PROBLEM TO WORK ON> Every line below from the one with "The Outdoor Mini" through the one with "Staud Plaid Print Wide Leg Pants" is to be repeated exactly, with no picture among them.

(Captioned web image data)
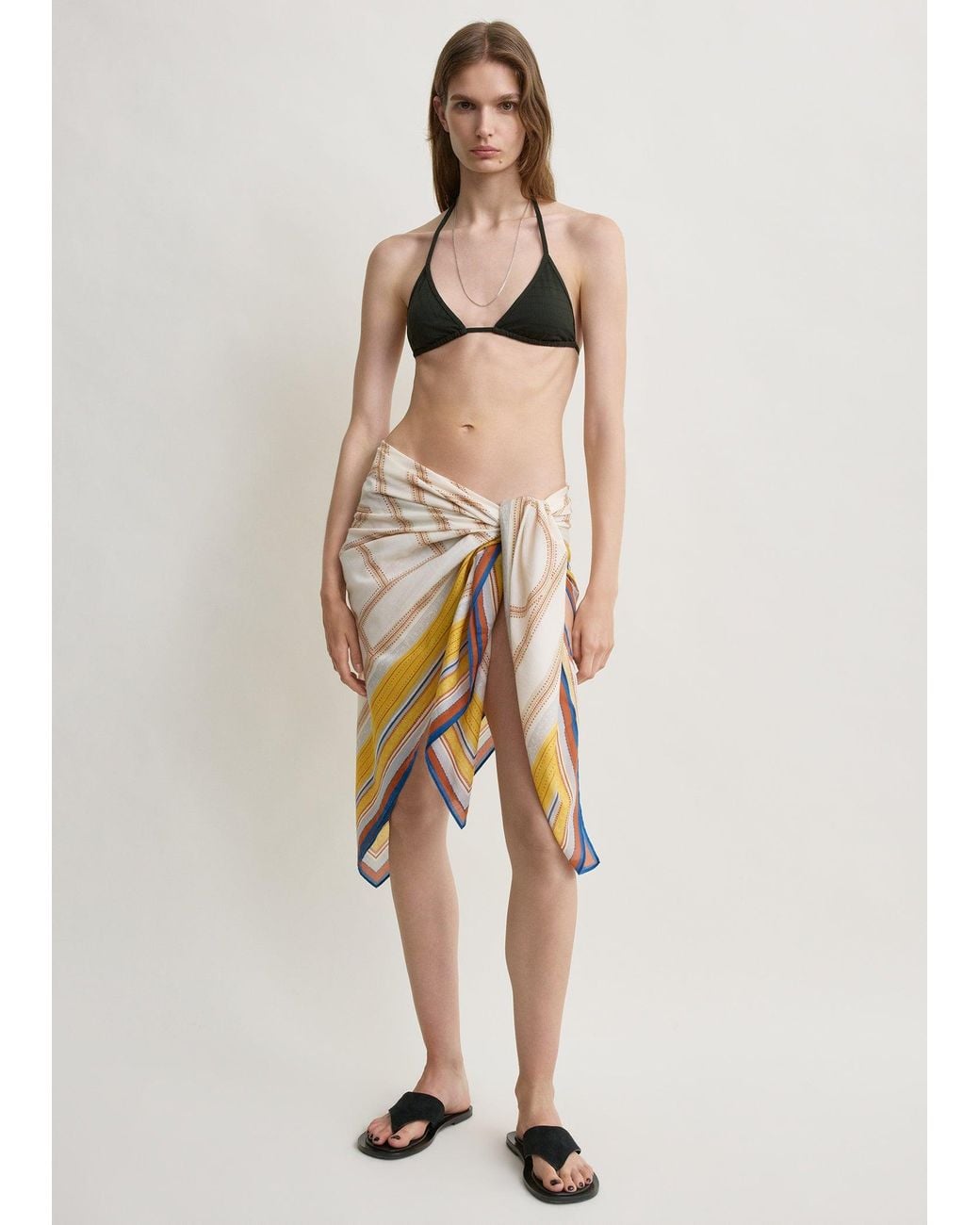 Totême Natural Monogram Pointelle Bikini Top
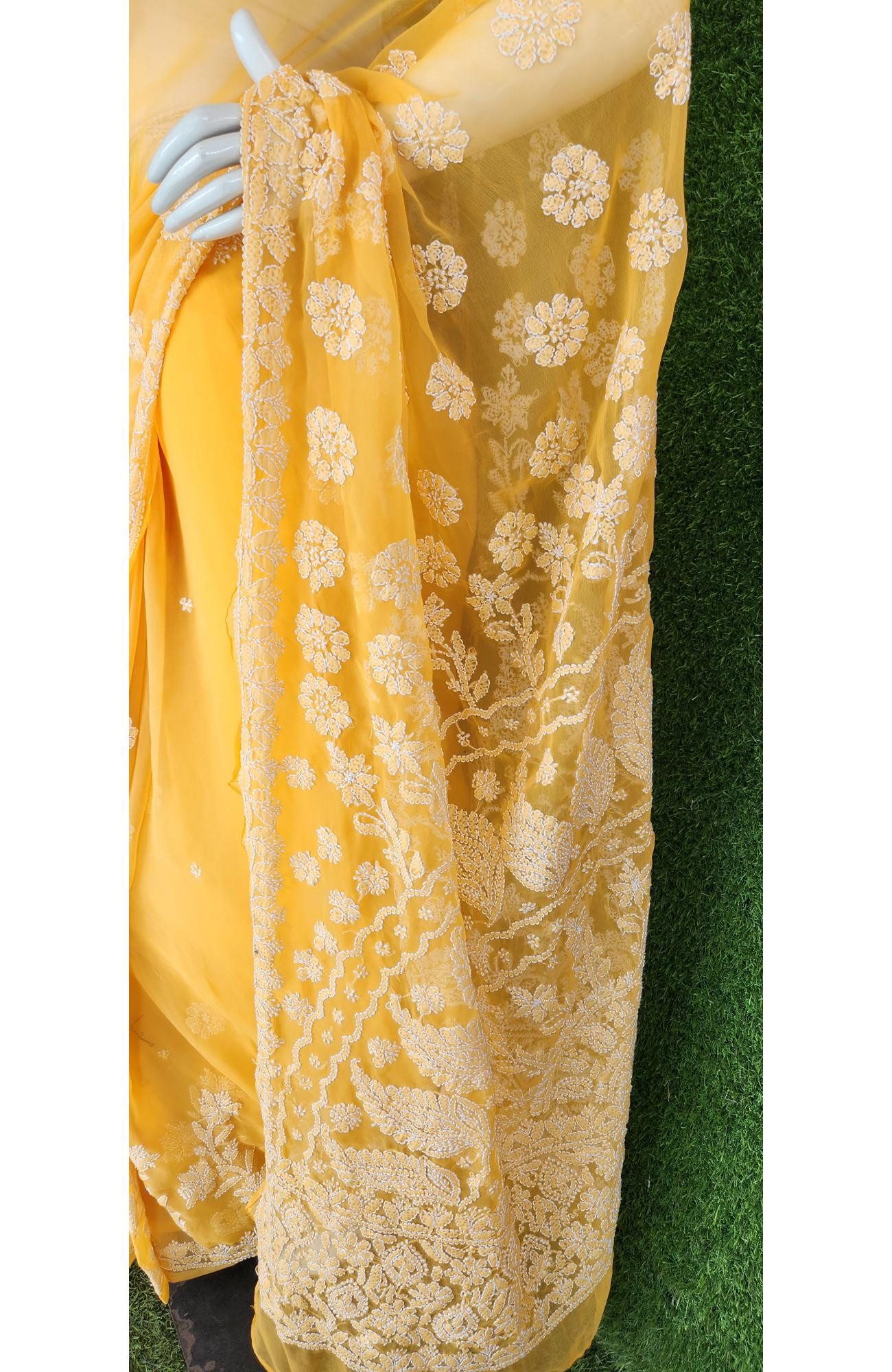 Yellow Faux Georgette Chikankari Saree
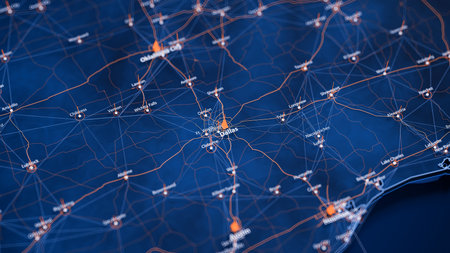 Dallas map big data visualization. Futuristic map infographic of city in USA. Visual map data complexity in modern blue and orange colorsの写真素材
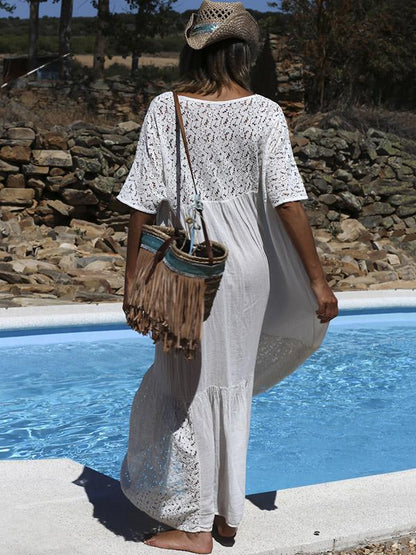 White Hollow Split-joint Maxi Dress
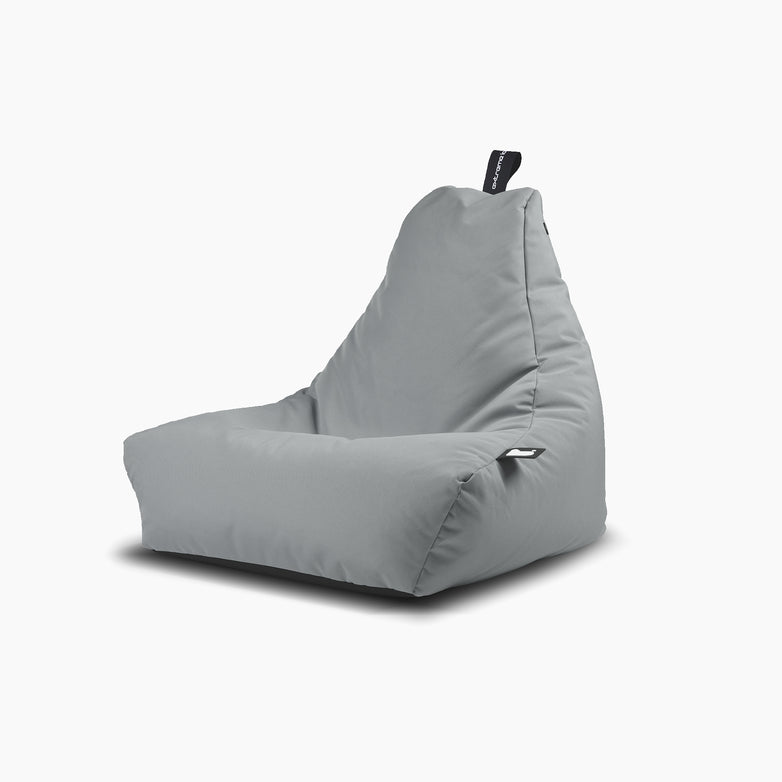 The Outdoor Mini B-Bag in Silver Grey features a high backrest, top handle, and is made from fade-resistant, waterproof fabric. Shown on a white background.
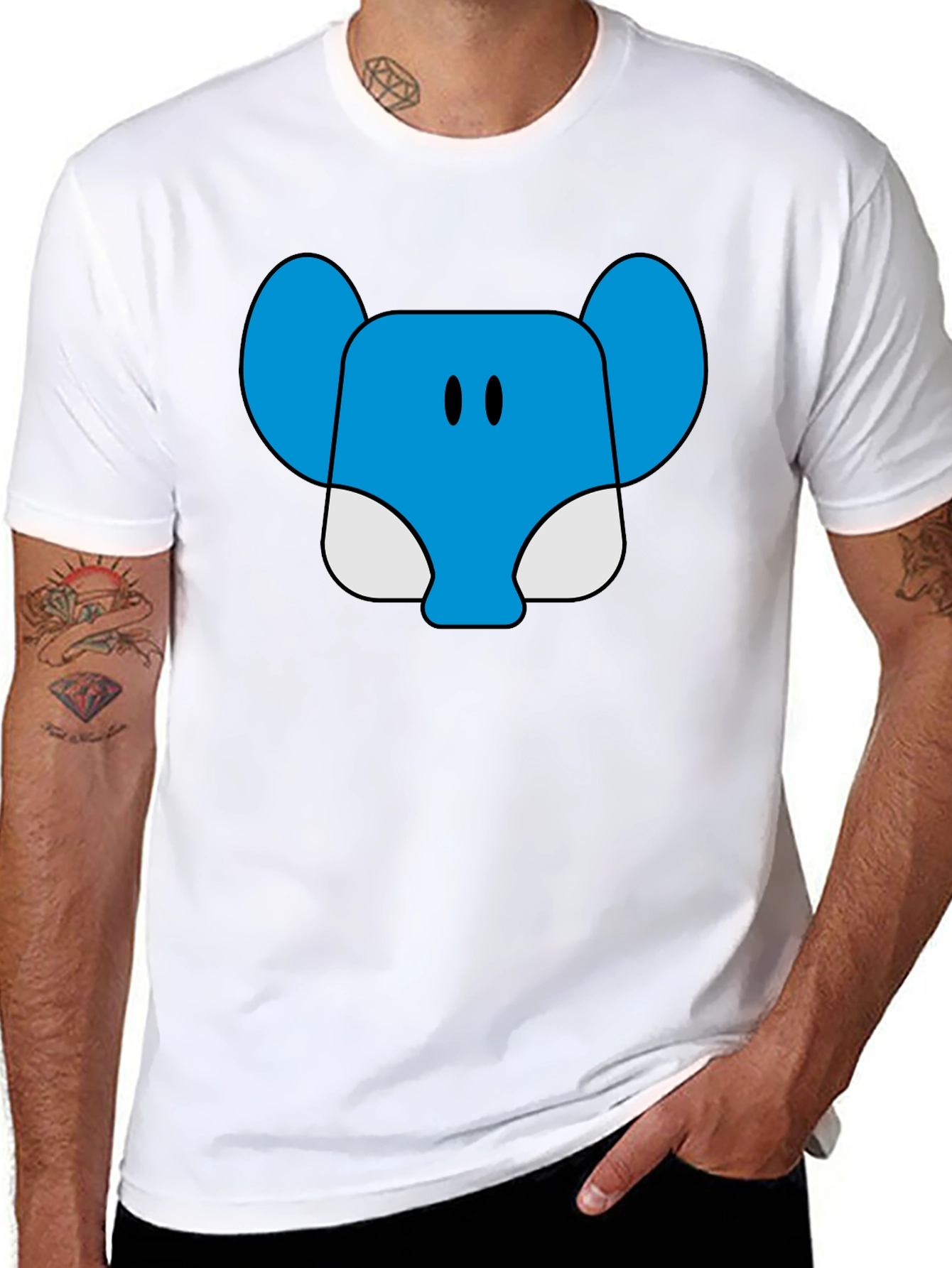 Black Blue Elephant Cartoon Graphic T-Shirt view 8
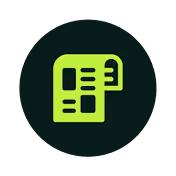 Green icon of two overlapping documents with text lines on a dark circular background.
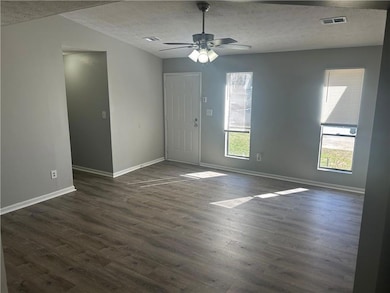 View into family room from eating area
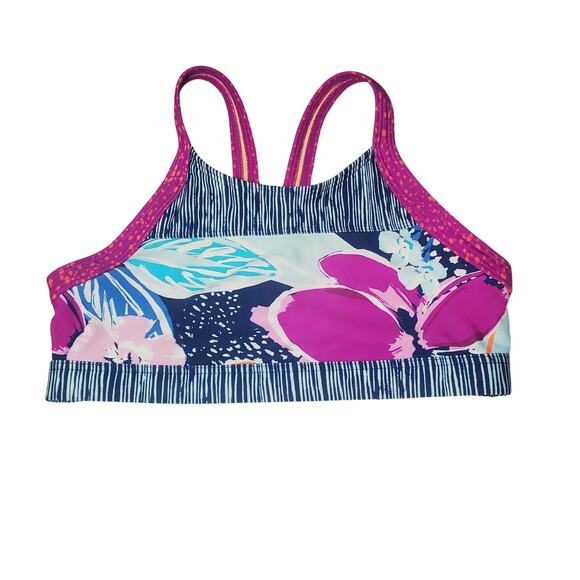 Athleta Girl Paradise Splash Bikini Swim Top Girls Size L /12 Purple Blue Floral - Picture 1 of 9
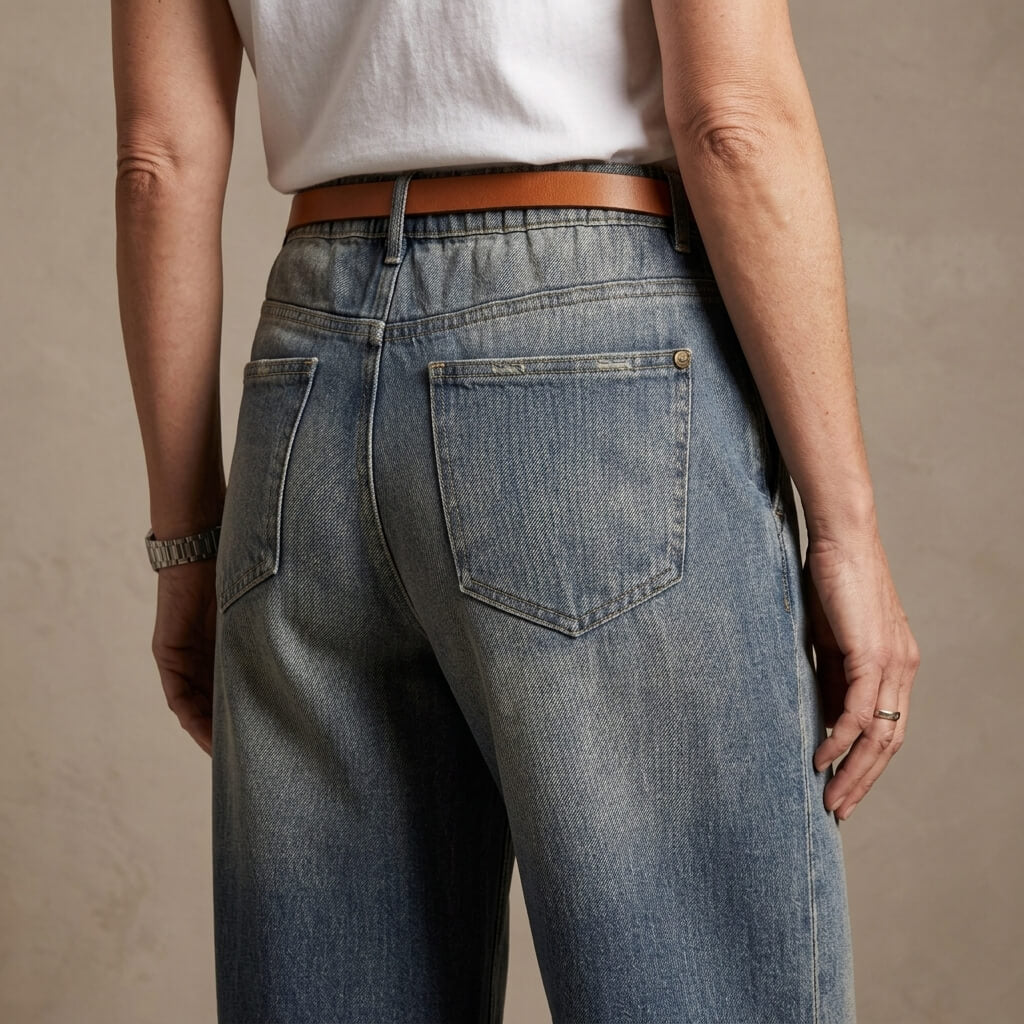 Denim Print French Terry Cotton Impossible Jeans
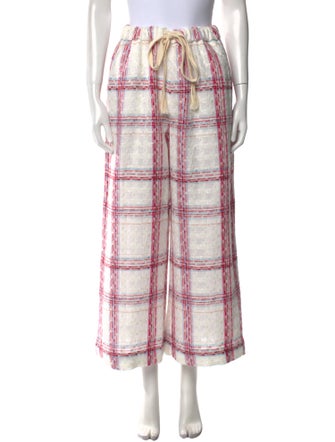 Staud Plaid Print Wide Leg Pants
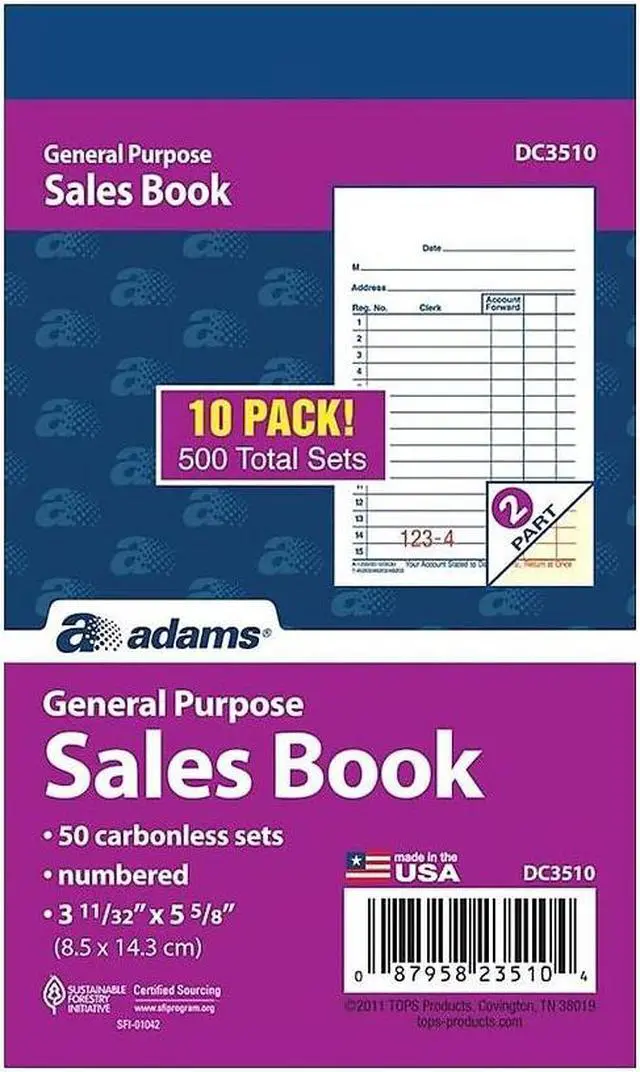 Alt view image 4 of 4 - Adams 2-Part Carbonless Sales Orders Book 5.63"L x 3.34"W 50 Forms/Book 509037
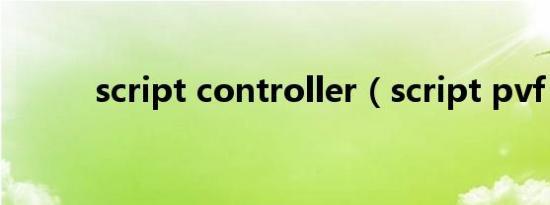 script controller（script pvf）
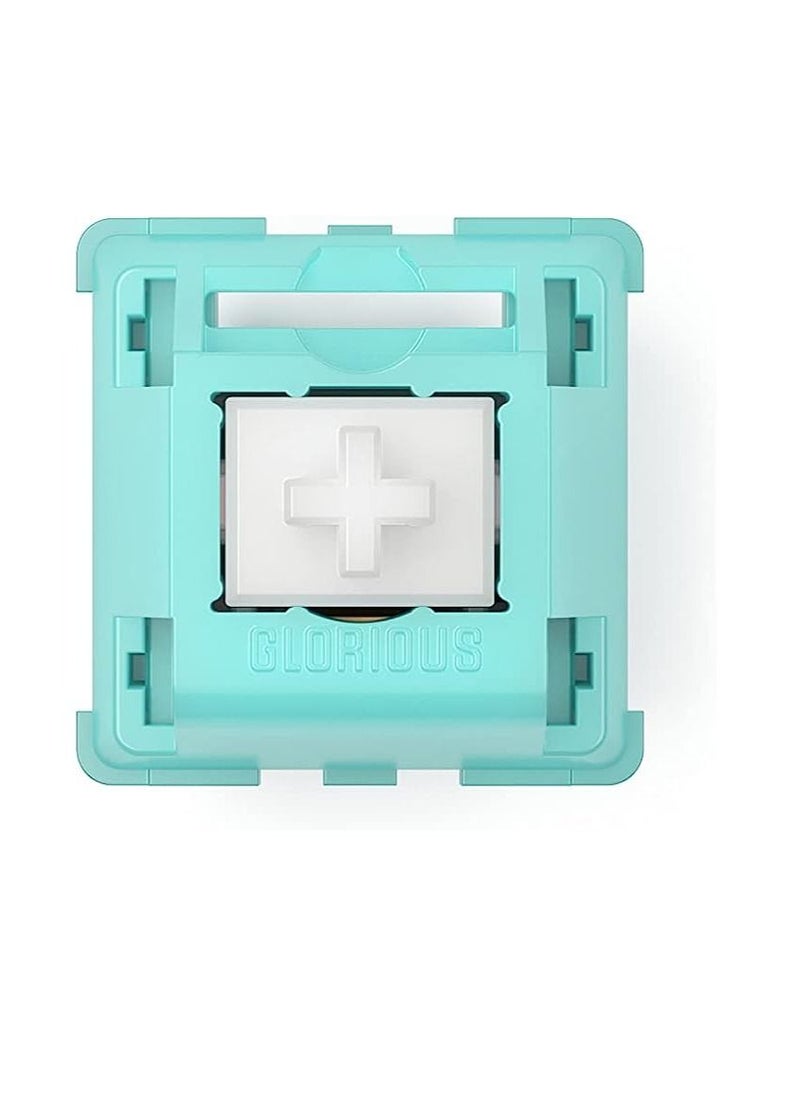 Glorious - Premium: 5 Pin PCB mounted linear switch; Unique light blue polycarbonate top shell with Glorious branding + Nylon PA12 bottom shell; The ultimate premium mechanical keyboard switch - Image 1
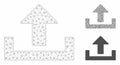 Upload Vector Mesh Carcass Model and Triangle Mosaic Icon Royalty Free Stock Photo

EXPECTED ANSWER>
 The Outdoor Mini B-Bag in Silver Grey features a high backrest, top handle, and is made from fade-resistant, waterproof fabric. Shown on a white background.
 Black Blue Elephant Cartoon Graphic T-Shirt view 8
 Green icon of two overlapping documents with text lines on a dark circular background.
 View into family room from eating area
 Athleta Girl Paradise Splash Bikini Swim Top Girls Size L /12 Purple Blue Floral - Picture 1 of 9
 Denim Print French Terry Cotton Impossible Jeans
 Staud Plaid Print Wide Leg Pants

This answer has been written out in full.